PROVIDED MATERIAL -
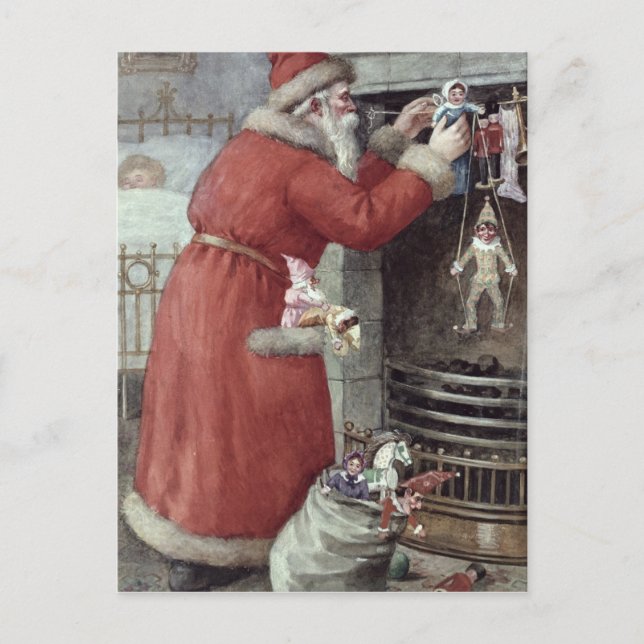 Father Christmas Holiday Postcard (Front)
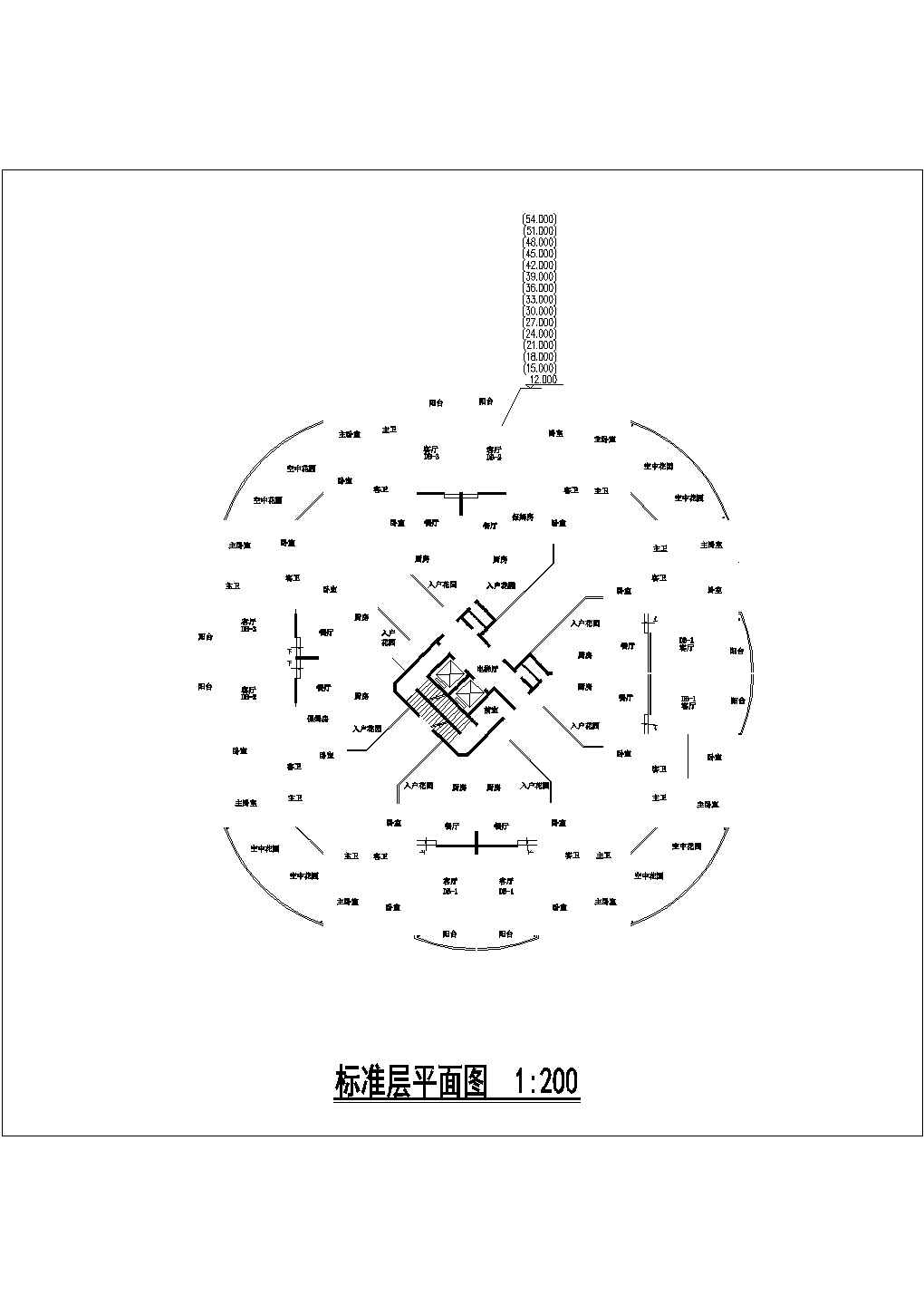 某高层建筑布置参考详图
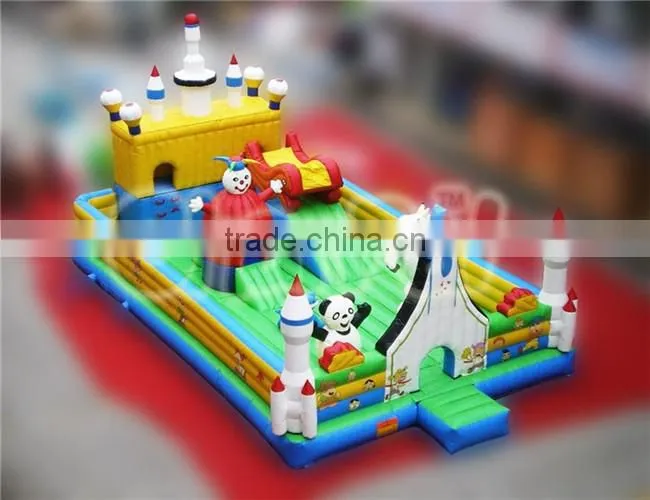 giant inflatable obstacle course for sale, airplane inflatable amusement park, inflatable fun city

TASK - Transcribe exactly the line containing "某高层建筑布置参考详图" and every line after it through the end of the listing above; pictures are not part of the copy.

RESPONSE AREA -
 某高层建筑布置参考详图
 giant inflatable obstacle course for sale, airplane inflatable amusement park, inflatable fun city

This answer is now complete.